April 25, 2006 Business 1 Comment

Those of us who haven’t spent our lives building up a resume replete with volunteer jobs in Somalia, fear the searing rays of Sol, and reject the menacing effort of physical labour, have basically two choices for summer jobs: office and retail. Now, often a retail job is a lot easier to get, but if you’ve already gotten a lot of experience at one, then you have a real shot at getting an office job. If you are in just such a position, then I am here to help make the decision a little easier. So, office or retail?


In George Orwell’s classic novel 1984, ultimate control over a population is achieved when citizens are not simply forced to serve a ruler, but for their will’s and mind’s to be broken, so that they actually love their ruler, known in the novel as “Big Brother.” This is precisely the procedure applied in the working world, and the degree to which it is applied is the main difference between office and retail. In a retail job, even high ranking officials are often willing to grant some admission of the shittyness of the job, and of the company as a whole.
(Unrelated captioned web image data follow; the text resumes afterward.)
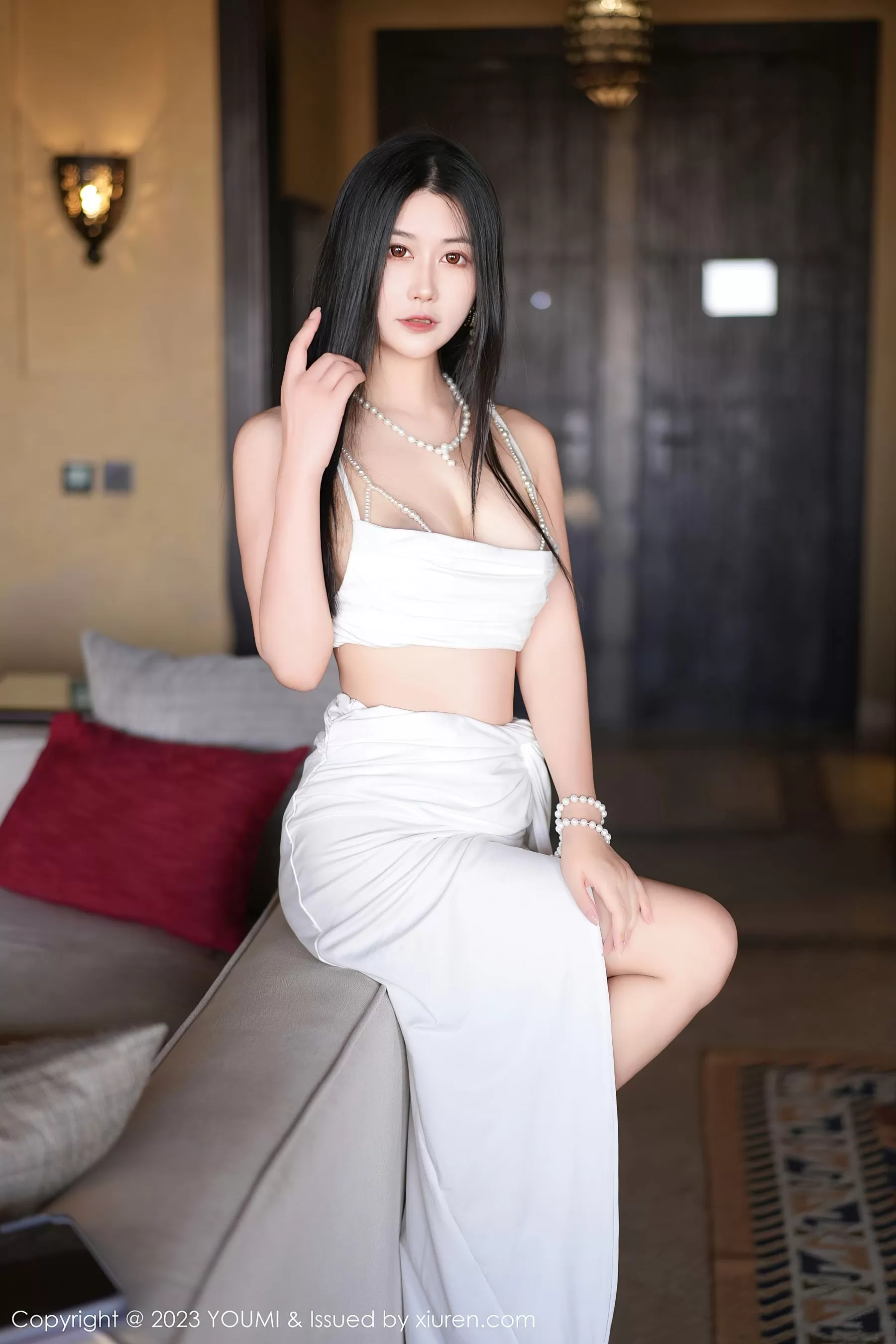  尤蜜荟 VOL.971 laura阿姣 长裙美腿 [79P]第1张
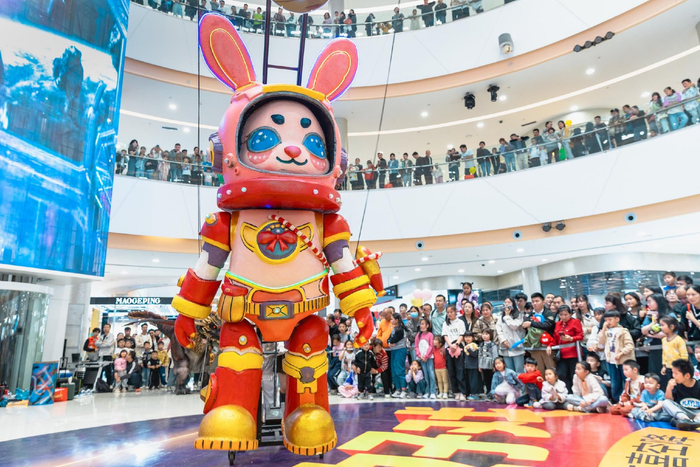 图说：温州首秀·星际访客巨型木偶剧在银泰百货瓯海店上演。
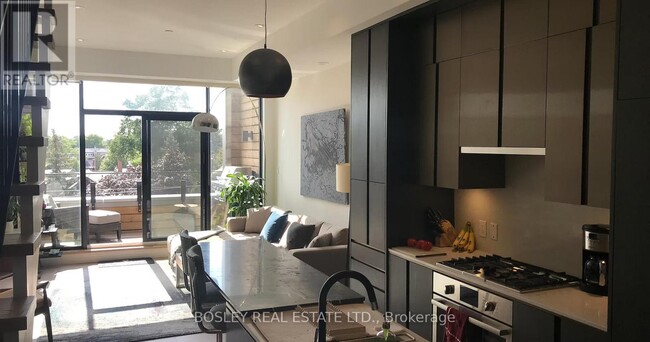 Photo du bâtiment - 455-455 Dovercourt Rd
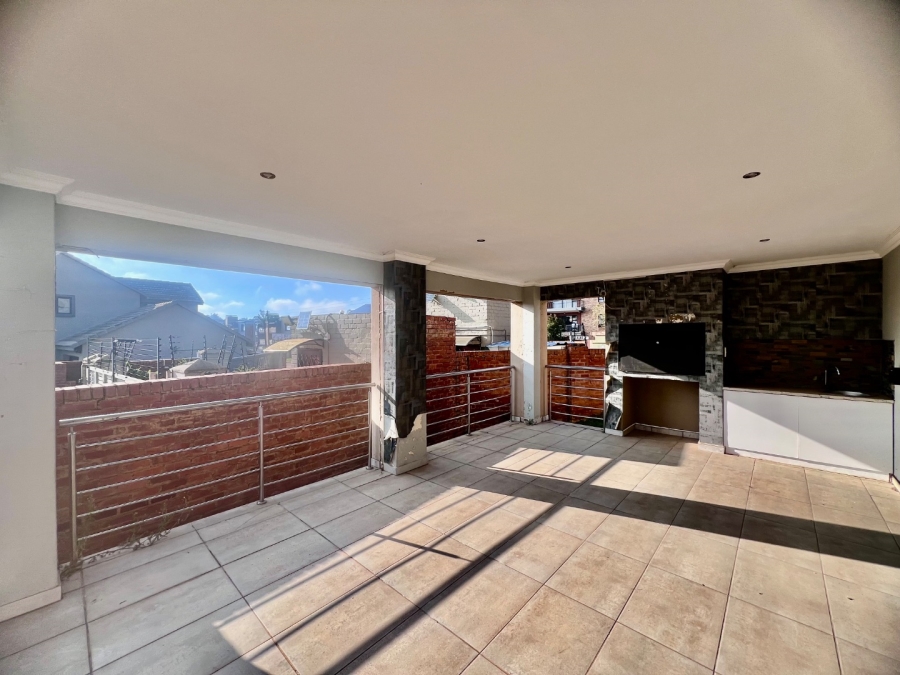 3 Bedroom Property for Sale in Bronberg Close Gauteng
An employee working under this environment is able to maintain some miniscule shred of identity and dignity by wallowing in self pity and hatred of his position.

Retail companies give their employees the occasional “small thing,” like some candy for good sales, generally rewards so meaningless they are offensive. Retail companies also take the occasional “big thing,” like robbing an employee of a promotion, or stealing his wages, these big things are obviously met with complete rage, and can be easily dealt with by pretending that one day you’re just going to quit.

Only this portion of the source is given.